Cases cited by counsel for the defendant in error as illustrating the soundness of its contention are distinguishable, in that under the agreements entered into the persons sought to be held liable were expressly exempted from responsibility beyond a stated amount or the contracts expressly provided that the parties were to look exclusively to the corporation to be formed by the promoters. Nor does the provision of the contract here involved, "In case there should be a shortage of ingredients, and the corporation found it impossible to obtain same, or to bottle and sell their products profitably, or if for any other now unforeseen reason, the operation of said plant should become unprofitable, then said corporation shall not be bound to pay you any unearned salary," show that the plaintiff was to look exclusively to the corporation to be formed.

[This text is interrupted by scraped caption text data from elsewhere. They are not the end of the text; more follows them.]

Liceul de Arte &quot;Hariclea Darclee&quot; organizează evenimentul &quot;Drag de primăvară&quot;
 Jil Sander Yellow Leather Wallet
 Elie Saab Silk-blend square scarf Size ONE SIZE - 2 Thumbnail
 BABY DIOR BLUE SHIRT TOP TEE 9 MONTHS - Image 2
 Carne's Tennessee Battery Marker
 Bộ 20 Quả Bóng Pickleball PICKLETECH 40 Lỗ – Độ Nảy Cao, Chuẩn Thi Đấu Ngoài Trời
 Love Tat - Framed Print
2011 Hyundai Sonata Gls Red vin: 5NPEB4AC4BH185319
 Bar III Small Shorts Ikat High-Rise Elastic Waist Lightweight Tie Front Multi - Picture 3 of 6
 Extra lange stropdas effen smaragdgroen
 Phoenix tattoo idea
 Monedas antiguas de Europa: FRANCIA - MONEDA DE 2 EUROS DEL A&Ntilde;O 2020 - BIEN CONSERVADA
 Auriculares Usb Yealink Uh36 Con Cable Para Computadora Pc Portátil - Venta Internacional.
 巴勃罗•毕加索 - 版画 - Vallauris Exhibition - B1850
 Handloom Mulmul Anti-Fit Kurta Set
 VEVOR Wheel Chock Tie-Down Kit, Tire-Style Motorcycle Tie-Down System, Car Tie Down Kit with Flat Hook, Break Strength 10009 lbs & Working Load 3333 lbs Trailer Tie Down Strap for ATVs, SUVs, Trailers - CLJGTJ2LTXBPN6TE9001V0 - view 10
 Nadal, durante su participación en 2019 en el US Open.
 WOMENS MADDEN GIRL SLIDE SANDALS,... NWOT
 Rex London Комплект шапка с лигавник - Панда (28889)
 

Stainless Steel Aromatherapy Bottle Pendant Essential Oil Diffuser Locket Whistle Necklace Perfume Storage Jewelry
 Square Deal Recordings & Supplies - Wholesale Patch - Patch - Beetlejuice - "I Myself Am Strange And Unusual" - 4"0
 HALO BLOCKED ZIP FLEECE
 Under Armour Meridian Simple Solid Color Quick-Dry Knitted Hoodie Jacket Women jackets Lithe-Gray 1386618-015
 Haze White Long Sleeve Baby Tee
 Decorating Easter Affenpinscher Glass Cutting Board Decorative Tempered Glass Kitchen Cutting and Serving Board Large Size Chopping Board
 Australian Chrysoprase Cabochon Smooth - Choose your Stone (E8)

At most it goes only to a limitation of the contractual liability which, in the case of a non-existing corporation, is that of the promoter, and would afford him, where the subsequently organized corporation found itself faced with any of the distress mentioned, a protection against salary for the unexpired portion of the contract. Nothing being shown by the contract or allegations of the petition from which it could reasonably be said that the promoter in the present case was released from the liability under the contract, it follows *Page 112 that under the general rule obtaining in this State the petition set out a cause of action against the defendant for the unpaid bonus and interest sued for, and I think the trial court erred in sustaining the general demurrer of the defendant.